For the ensuing rondo-form Andante, initially in C minor, Schubert alternates self-absorbed melancholy with peaceful acceptance in five extended paragraphs. Each finds room for brief moments of disturbance marked by falling sevenths (in the minor key sections) and rhythmic outbursts in the major key episodes. Both unsettling moments heighten the movement’s restless undercurrent which, despite a change to a bright C major with the return of the gentle flowing passage, closes with no small degree of resignation.

2 Scherzos D593
If 1825 had been a fruitful year for piano writing—it also included his Sonata in D major, D850 and the 8 Ecossaises, D977—1817 was Schubert’s other highly productive keyboard year; one that gave rise to repeated experiments with the piano sonata. Alongside six such works (commentators still argue how many sonatas were truly finished) the year yielded a set of Variations on a Theme by Anselm Hüttenbrenner, D576 and Two Scherzos, D593, believed to have been written in November when Schubert had temporally returned to live in his father’s schoolhouse.

The first is a convivial Allegretto in B-flat whose 'how do you do?' opening gesture and carefree manner has a certain Haydnesque humour where impish triplets make way for a song-like Trio in E flat major. Viennese gaiety is swept aside by the succeeding Scherzo, an extrovert Allegro moderato in D flat major launched with a series of rallying chords, which periodically return (twice in the distant key of E major) to provide structural pillars for busy passage work. The outwardly boisterous feel is set in relief by the quieter, yet still playful, central Trio.

Ungarische Melodie D817
The Ungarische Melodie, D817, belongs to the second of two visits Schubert made to Zelész in Hungary between late May and mid-October 1824. At a salary of 100 florins a month, his duties included teaching and supervising the musical activities of the two daughters of Count Johann Karl Esterházy of Galánta during their summer residence. Schubert still found time to compose and produced several works for piano duet including the C major Sonata ('Grand Duo'), D812, the Variations in A flat major, D813 and the Divertissement à la Hongroise, D818, works presumably envisioned for the girls. He would later dedicate his Fantasie in F minor, D940, to the younger sister Karoline. Contemporary reports indicate Schubert’s Melodie was inspired by a folk tune sung by a Hungarian maid working in the Esterházys’ kitchen. Dated 2nd September 1824, this short piece was to be the impetus behind the more expansive closing Rondo of his three-movement Divertissement à la Hongroise, which later went on to find a home within Franz Liszt’s two-handed transcription Mélodies hongroises d’après Schubert, S425.

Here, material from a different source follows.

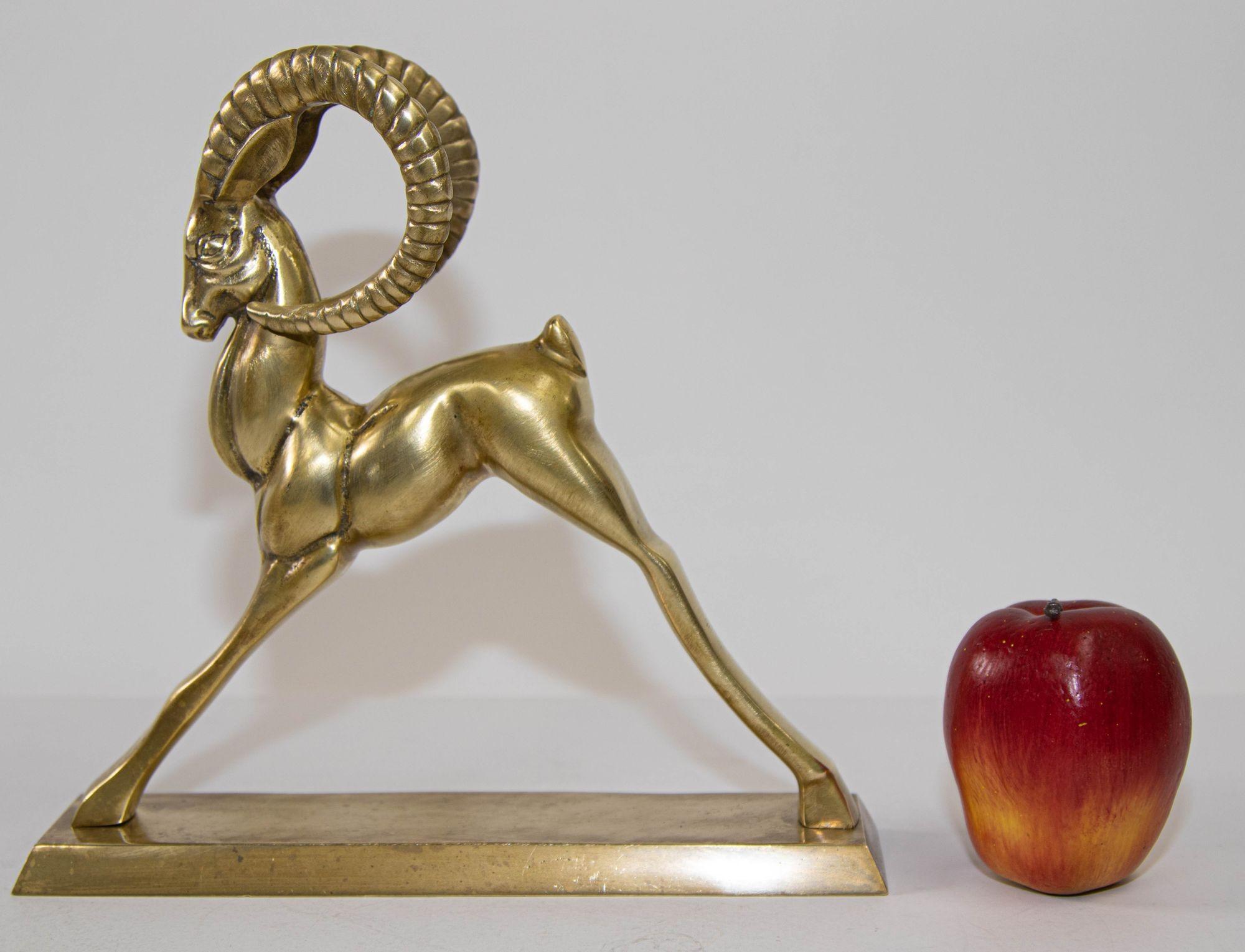 Vintage French Art Deco Style Sculpture of Brass Ibex Antelope 3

Liszt was one of several composers who brought Schubert’s music to a wider public through editions of selected sonatas and dozens of transcriptions (mostly lieder) including the incorporation of nine waltzes into his Soirées de Vienne, S427. Dances occupied Schubert across his entire career and despite their neglect in concert performance his numerous collections contain a wealth of delightful music. According to Josef von Spaun, Schubert was in the habit of surprising his friends 'with the most beautiful German Dances and Ecossaises', while another member of the composer’s circle observed he would 'sit down at the piano where for hours he would improvise the loveliest waltzes; repeating those he remembered and then write them down'.

16 Deutsche Tänze D783
Of the 100 or so Deutsche Tänze (variously combining the character of the minuet, the ländler, and the waltz), these Sechzehn Deutsche Tänze, D783 were mainly composed in 1823 and 1824 and subsequently published in Vienna on 8 January 1825 under the title 'Deutsche Tänze und Ecossaises für das Pianoforte'. With two exceptions (Nos 1 and 10) they are laid out in the identical format of two eight-bar phrases, each repeated. The sturdy first gives way to tenderness in the second, while the winsome third yields to the whirling energy of the fourth. Flowing rhythms bring calm to the minor-key fifth and the sixth recalls the earthy manner of the first. A dream-like seventh is followed by the irregular accents of the eighth and stamping rhythms add a rustic flavour to its successor. Pre-echoes of Chopin might be detected in the gentle tenth, and to the eleventh Schubert generates sparkle. The next two (both in C major) are agreeably good-humoured, while two consecutive appearances of F minor introduce sobriety and the final dance (in F major) rounds off the set to match the mood of the opening. With perfectly judged contrasts of mood, texture and tonality, Schubert succeeds in creating a cohesive entity of otherwise disparate miniatures.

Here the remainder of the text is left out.